Todos estes, por si sós, são direitos genuínos e naturais, mas somente quando não configuram agressão a terceiros.
Cada um de nós pode exercitar nosso livre arbítrio em termos de religião sem ao mesmo tempo negarmos esse mesmo direito a terceiros. No entanto, não temos o direito de nos afiliarmos a uma organização religiosa que não queira nos aceitar. Igualmente, não podemos obrigar que determinadas religiões aceitem práticas contrárias às suas crenças.
Todos nós podemos nos associar a qualquer outro indivíduo ou grupo de indivíduos, mas somente desde que eles estejam dispostos a se associar a nós. Exercer esse direito não impede que outros façam exatamente o mesmo.
Todos nós podemos dizer o que quisermos, pois isso, por si só, não impede que outras pessoas façam o mesmo.
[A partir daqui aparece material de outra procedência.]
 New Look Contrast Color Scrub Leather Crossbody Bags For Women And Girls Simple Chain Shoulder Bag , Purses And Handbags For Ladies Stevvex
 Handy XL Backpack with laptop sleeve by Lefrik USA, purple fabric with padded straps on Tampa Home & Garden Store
No entanto, não temos o direito de obrigar outras pessoas a nos ouvir ou a nos fornecer um espaço para nos expressarmos. Não temos o direito, por exemplo, de publicarmos nossas opiniões em um veículo ou em um website que não as queira. Isso é uma mera questão de direitos de propriedade. Todos nós somos livres para tentar angariar os recursos necessários, por meio de acordos voluntários com terceiros, para publicar um jornal ou uma revista (ou criar um blog na internet). Porém, não temos nenhum direito de obrigar outras pessoas a nos fornecer os recursos necessários para nos expressarmos.
Visões em choque
Ambas as visões — a progressista e a dos direitos naturais — não são apenas diferentes; elas são incompatíveis.
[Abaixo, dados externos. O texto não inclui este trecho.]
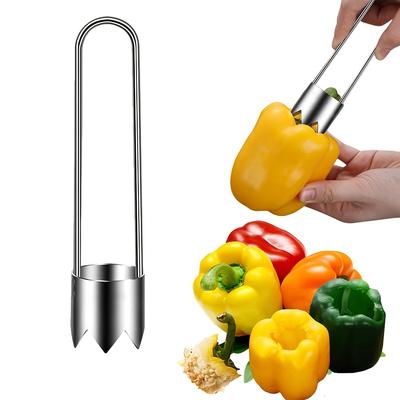 1 יחידה נירוסטה מגלען פירות וירקות מסיר זרעים פלפל אדום גאדג'ן מטבח אוניברסלי לתפוח אגס עגבנייה פלפל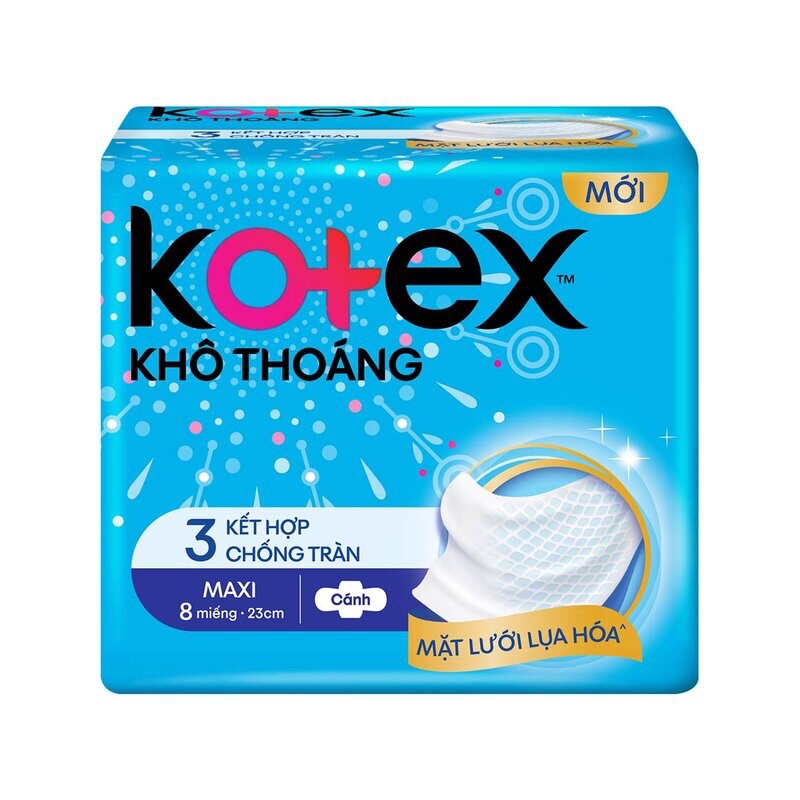 BĂNG VỆ SINH KOTEX DÀY CÁNH MẶT LƯỚI 23cm (1 gói 8 miếng)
Sempre que um suposto direito reivindicado por alguém impõe uma obrigação sobre outra pessoa, a qual agora será obrigada a efetuar uma ação, este suposto direito é uma fraude. Na realidade, ele é um privilégio. Ele não pode ser efetuado simultaneamente por ambas as partes sem que haja uma contradição lógica.
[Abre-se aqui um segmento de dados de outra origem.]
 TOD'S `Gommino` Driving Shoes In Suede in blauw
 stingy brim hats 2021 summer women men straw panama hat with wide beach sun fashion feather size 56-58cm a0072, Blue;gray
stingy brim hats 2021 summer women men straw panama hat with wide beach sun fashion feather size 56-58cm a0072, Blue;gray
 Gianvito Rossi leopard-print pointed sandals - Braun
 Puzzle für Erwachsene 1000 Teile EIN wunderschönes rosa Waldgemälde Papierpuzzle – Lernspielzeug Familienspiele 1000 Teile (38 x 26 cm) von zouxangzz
Essa visão progressista sobre direitos é normalmente chamada de “visão positivista”, pois tais direitos necessariamente impõem a terceiros a obrigação de efetuar ações positivas. Faz parte de uma filosofia mais ampla chamada de positivismo legal, a qual afirma que direitos são determinados pelo governo. Qualquer coisa que o governo determine como sendo um direito se torna um direito.
Já os direitos naturais são frequentemente chamados de “direitos negativos”, pois a única obrigação que tais direitos impõem a terceiros é a de não efetuar uma determinada ação. Assim, o indivíduo tem o direito de que não tirem sua vida, não restrinjam sua liberdade, e não confisquem sua propriedade honestamente adquirida.
Ou seja, o direito negativo simplesmente impõe a terceiros o dever de não iniciar coerção contra inocentes, seja na forma de violência bruta, seja na forma furtiva obrigá-lo a pagar por bens e serviços que serão ofertados a terceiros.
De acordo com esta visão, o próprio governo deveria estar restringido e limitado pelos direitos humanos universais de todo e qualquer indivíduo. Consequentemente, aquele indivíduo que não reconhece a legitimidade de um governo não deveria ser submisso a ele.
Conclusão
Da próxima vez que você gritar “Eu tenho esse direito!”, faça a si mesmo a seguinte pergunta: “E de quem é a obrigação?”
Se houver um fardo recaindo sobre um terceiro, o qual agora terá a obrigação de fazer qualquer outra coisa que não seja não coagir você, pergunte-se: “Por que teria eu o direito de subordinar aquela pessoa aos meus caprichos?”